In a preclinical model. To verify whether this vaccine enhances priming and prevent the tolerance of anti-tumour TC response, mice are injected orthotopically with GRP78-overexpressed TRAMP-C1 cells and then are immunized with DNA vaccine via gen gun and the indicated antibody intraperitoneally. The timing and dose of antibody injection need to be further confirmed. The effector CD4+ T cells and CD8+ T cells of the vaccine and prostate draining lymph nodes as well as prostate are isolated, and are analyzed their percentage and ration to Tregs and MDSCs, which may serve as predictor of therapeutic efficacy. Their effector functions are also evaluated by measure the secretion of cytokine with each GRP78 peptide-pulsed DCs. In addition, to minor tumour growth and lymph node metastasis, genomic DNA from prostate or draining lymph nodes of mice are screened for the SV40 transgene by PCR (22). Survival of mice is also compared with untreated group.

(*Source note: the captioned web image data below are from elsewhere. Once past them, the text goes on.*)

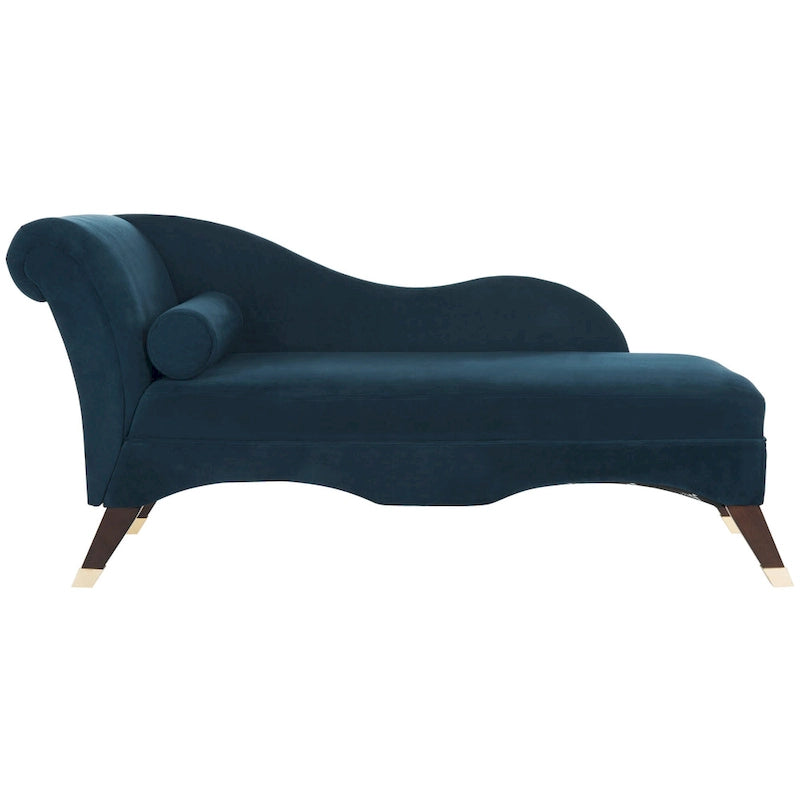 SAFAVIEH Karan Chaise longue moderne du milieu du siècle avec oreiller - 63Lx28Px30H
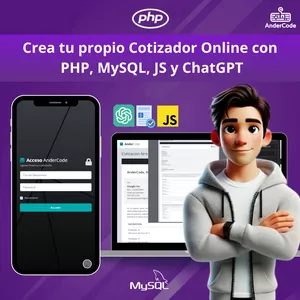 Imagen de portada para Curso online Crea tu propio Cotizador Online con PHP, MySQL, JS y ChatGPT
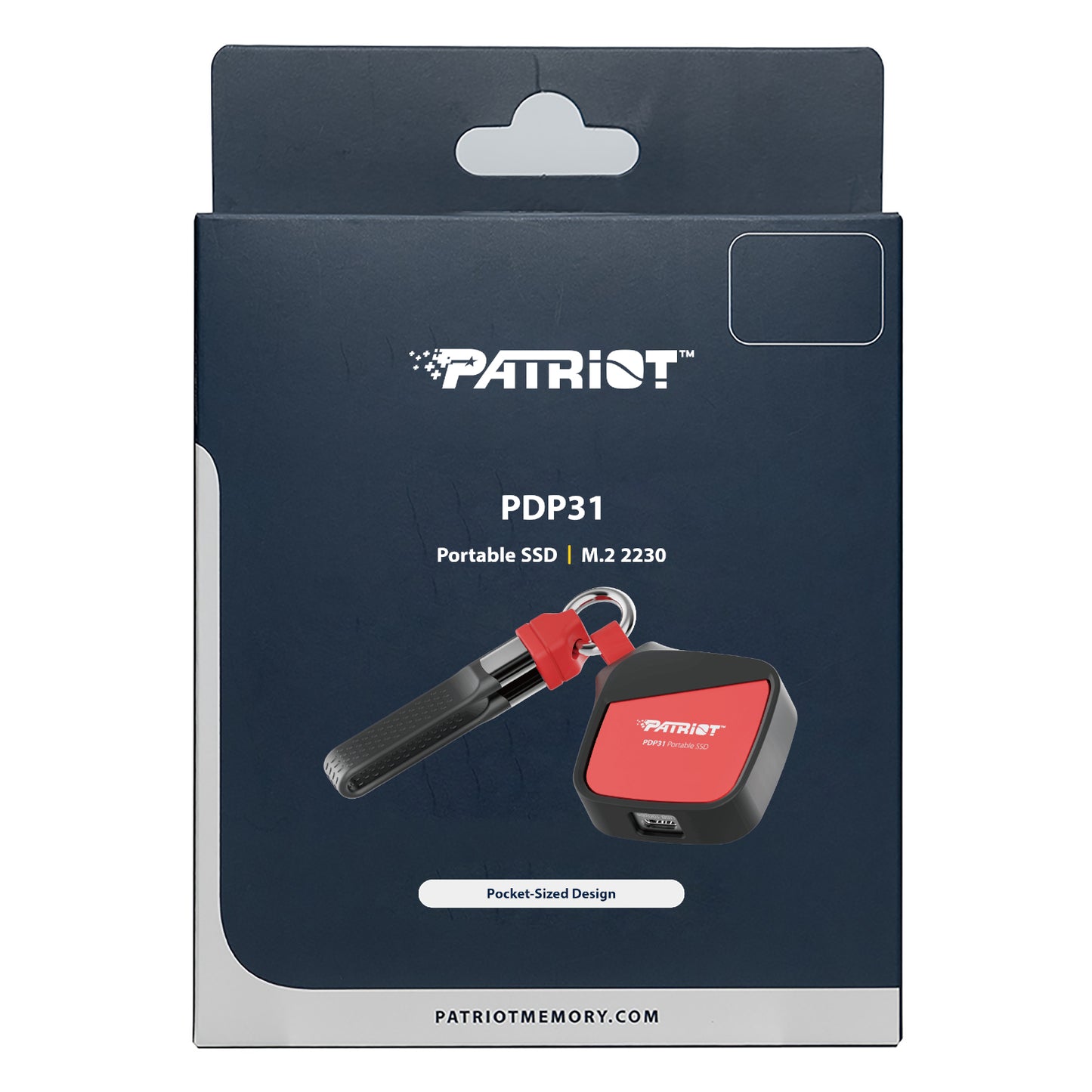 Patriot PDP31 500GB Type-C Portable SSD - Red / Black - alternate product view 5
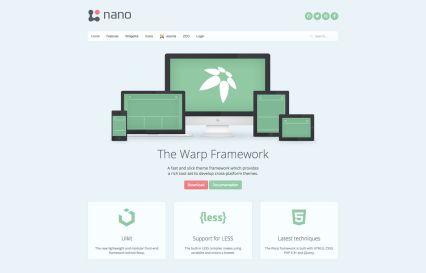 Nano 3 WordPress Theme Pastel Style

In patients. The aim of clinical study is to evaluate safety and efficacy of GRP78-based vaccine combined anti-CTLA4 antibodies and anti-PD1 antibodies in cancer patients. In phase I study, toxicity in advanced prostate cancer patients who have failed both first-line (radical prostatectomy or radiation) and second-line (radiation, androgen ablation, and/or chemotherapy) treatments is determined, in which physical examination, complete blood count, liver and kidney function, diagnostic imaging, and electrocardiogram are monitored. Owing to the vaccine -induce response is specialized against patients with HLA-A2 and HLA-DR4 MHC molecules, patients characterization need to be confirmed prior to vaccination. Also, binding of peptide-bound HLA-A2 against T cells of patients can be verified by MHC tetramer analysis. Then, anti-tumors immune response of patients is examined, which includes antibodies measurement and T cells analysis. Serial dilution of patients serum are incubated with a GRP78-overexpressed prostate cancer cells and are analyzed the titer of anti-GRP78 antibodies by ELISA or flow cytometry. To verify the anti-GRP78 TC response, lymphocytes of patients are isolated and detected the production of IFN- by ELISPOT against purified GRP78 protein, and lysis of GRP78-overexpressed prostate cancer cells by Cr release assay. Moreover, the clinical assessment is determined by the level of serum PSA and patient survival. In phase II study, the maximum tolerated dose and efficacy of vaccine are determined. Patients are separated into groups with different dose of vaccination. If no significant toxicities are detected with the initial dose, the dose escalation may continue until reach a maximum tolerated dose. In phase III study, patients with minimal residual prostate cancer (castration-resistant) are conducted in a double blind randomized study. The same examinations are administered as mentioned before. Furthermore, efficacy of this vaccine will compare to conventional treatments such as chemotherapeutic drugs.